Uber CEO and co-founder Travis Kalanick has resigned from the troubled ride-booking service under pressure from investors.
“I love Uber more than anything in the world and at this difficult moment in my personal life I have accepted the investors’ request to step aside so that Uber can go back to building rather than be distracted with another fight,” Mr Kalanick said in a statement.
On June 13, Kalanick went on indefinite leave amid criticism of his management style and following the death of his mother in a boating accident.
The resignation came after a series of costly missteps by Mr Kalanick and the fast-growing company that he helped found eight years ago.

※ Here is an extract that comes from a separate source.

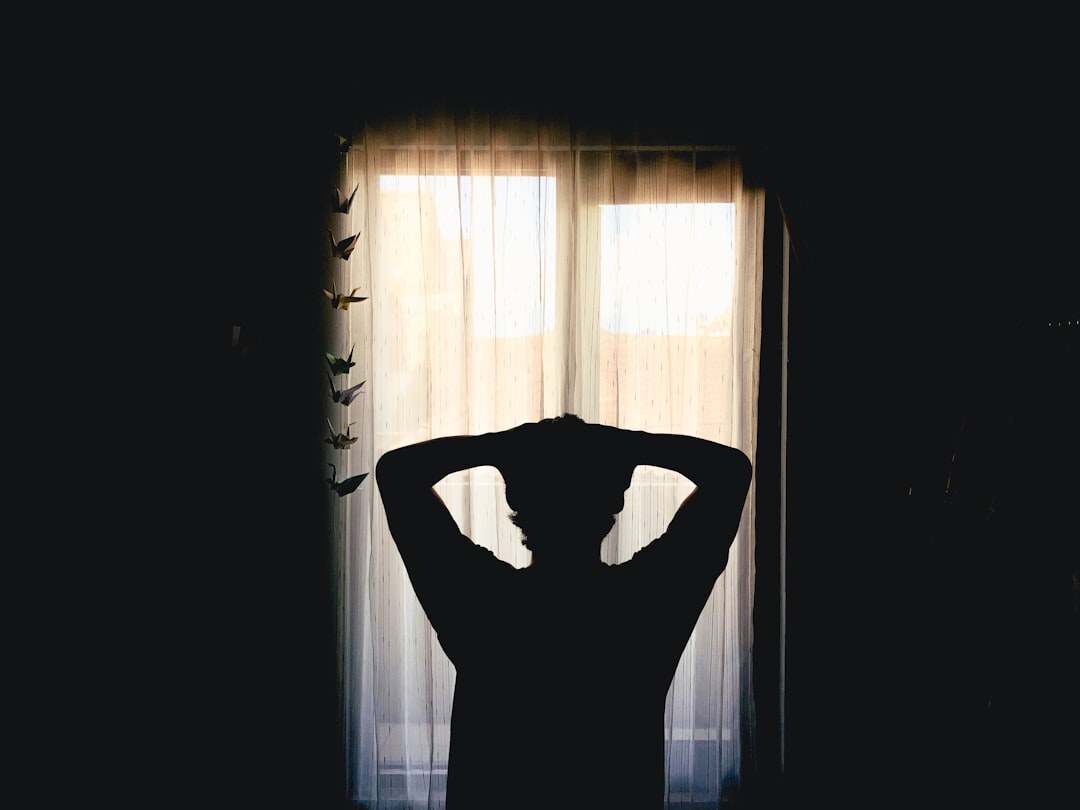 meditation in quiet room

Uber on Monday embarked on a 180-day program to change its image by allowing riders to give drivers tips through the Uber app, something the company had resisted under Mr Kalanick.

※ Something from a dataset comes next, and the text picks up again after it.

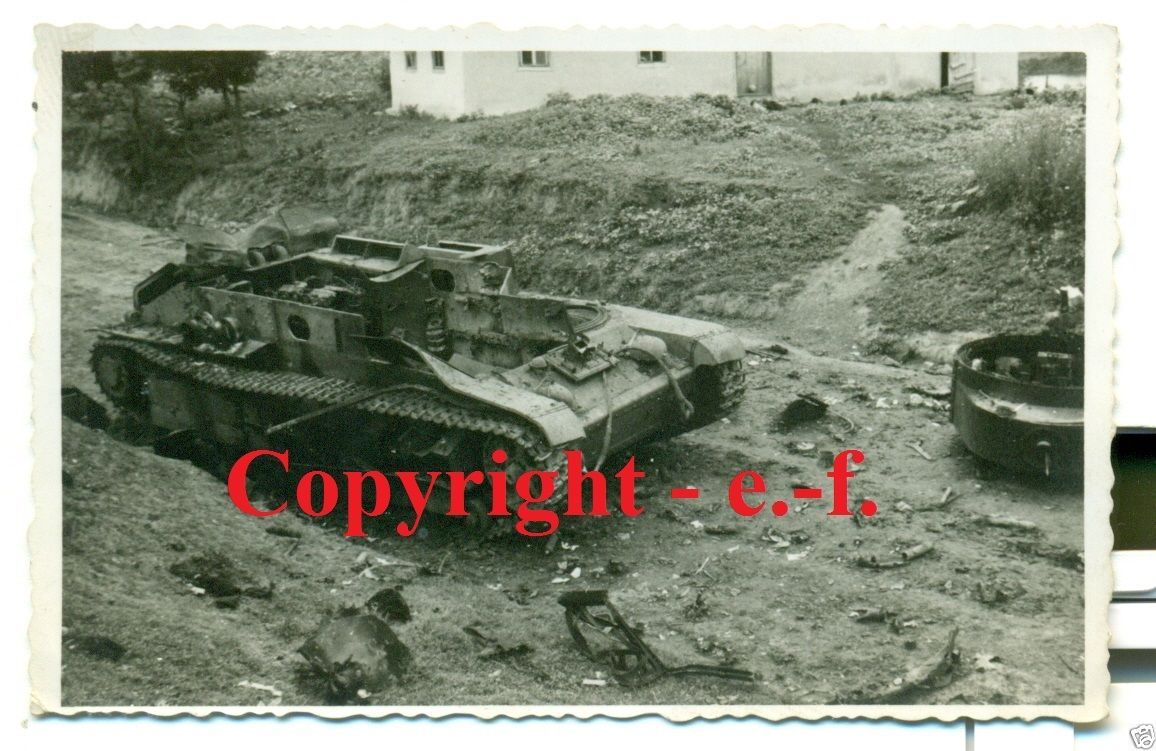FOTO - PANZER - Unbekannter PANZER  TANK - Rußla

The San Francisco-based company is trying to reverse damage done to its reputation by revelations of sexual harassment in its offices, allegations of trade secrets theft and an investigation into efforts to mislead government regulators.
The Uber board said in a statement Mr Kalanick had “always put Uber first” and that his resignation would give the company “room to fully embrace this new chapter in Uber’s history”.
Board member Bill Gurley — who is also a partner at venture capital firm Benchmark, one of the key investors named by the New York Times as having demanded Mr Kalanick’s resignation — appeared to praise the embattled executive’s achievements in a Twitter post, saying he had made a “lasting impact” on the world.
Mr Kalanick will remain on the Uber Technologies Inc board.
Resignation comes after months of scandal
While building the world’s biggest ride-booking service, Uber developed a reputation for ruthless tactics that have occasionally outraged government regulators, drivers, riders and its employees.
The company has been in turmoil as allegations of sexual harassment and questions over Mr Kalanick’s treatment of his staff emerged in recent months.
Before going on leave, in early June, Mr Kalanick acknowledged he needed “to become a better leader”.
“The ultimate responsibility, for where we’ve gotten and how we’ve gotten here rests on my shoulders,” he said.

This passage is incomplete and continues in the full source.